Dans ma tête se pose alors ce questionnement abyssal : quelle place avons-nous dans cette société ? Quel rôle je veux jouer ? 

Rescapés, témoins, porteurs de mémoire, animaux blessés, bêtes curieuses, freaks, monstres de résilience ou de résistance, Lazare sortis du tombeau pour hanter les vivants, les autres qui n'ont pas vécu cela, leur rappeler que ça a existé ? Sommes-nous les épouvantails que l'on sort du placard à l'approche des commémorations, des bêtes de somme à fournir du contenu aux journalistes ? Les médias nationaux focalisent sur quelques personnes rescapées ou familles de victimes devenues des références à qui on tend le micro un peu par habitude et facilité parce qu'ils sont responsables dans une association, parce qu'ils ont écrit un livre. D'autres ont ce besoin de témoigner inlassablement et le font admirablement. Je pense à Arthur, David et bien d'autres. Je les regarde, les vidéos pullulent sur les réseaux sociaux. Je les écoute avec attention et avec tendresse. Ils font le job, mais qu'est-ce que ça leur fait en dedans ?
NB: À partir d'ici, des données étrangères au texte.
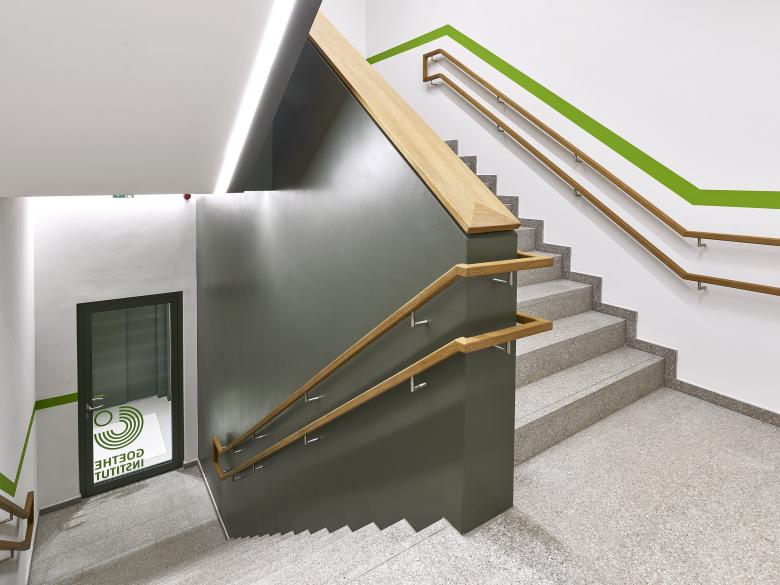 布鲁塞尔歌德学院办公室楼层丨比利时-43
Comment ils le vivent ? J'ai envie de les serrer contre moi. Ils s'attachent à un rôle difficile, ils en ont besoin sûrement mais je les admire de remonter comme cela en première ligne. 
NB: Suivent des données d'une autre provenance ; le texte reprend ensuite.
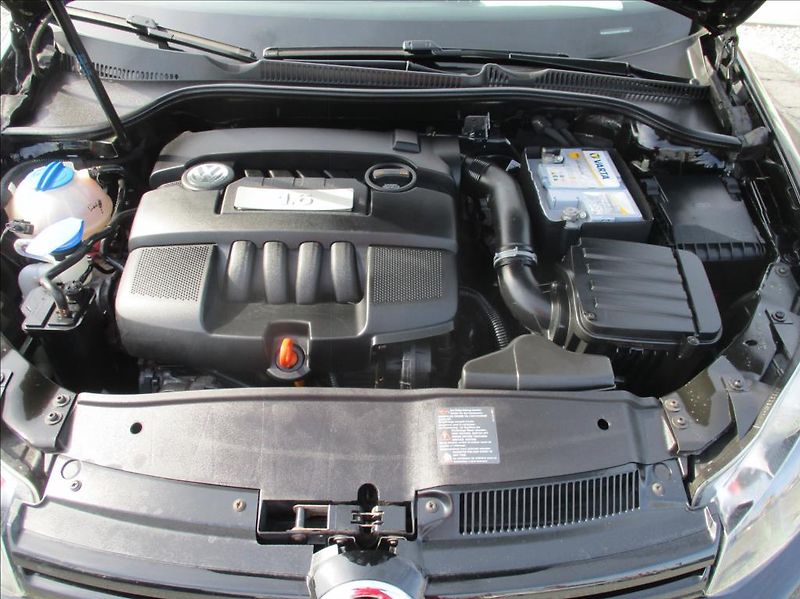 Volkswagen Golf 1,6 i, klima,serviska,1.maj., - fotka 24 z 39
Dans le cours normal de la vie, on ne questionne pas les gens sur leurs traumas (et la mort de ta mère alors raconte-moi, ça s'est passé comment ? Ton accident de voiture vas-y raconte) seulement un acte de terrorisme a pour but de terroriser toute une population. C'est d'une certaine façon un drame intime pour tout le monde mais nous sommes les seuls à l'avoir vécus de l'intérieur alors on nous questionne. 

C'est un chewing-gum sous la chaussure qu'on se trimballe : on nous présente comme cela : « c'est un rescapé du Bataclan ». Est-ce devenu une identité, un rôle à tenir dans la société ?

Je suis embêté pour répondre à cette question, tiraillé entre la pleine conscience du rôle essentiel de témoin en Histoire et la détestation que j'ai toujours eu pour le figure de l'ancien combattant donneur de leçons et moraliste qui pense que tout lui est dû. Nos témoignages on les a livrés à nos proches, à des inconnus, dans la presse, à la barre du procès : que dire de plus ?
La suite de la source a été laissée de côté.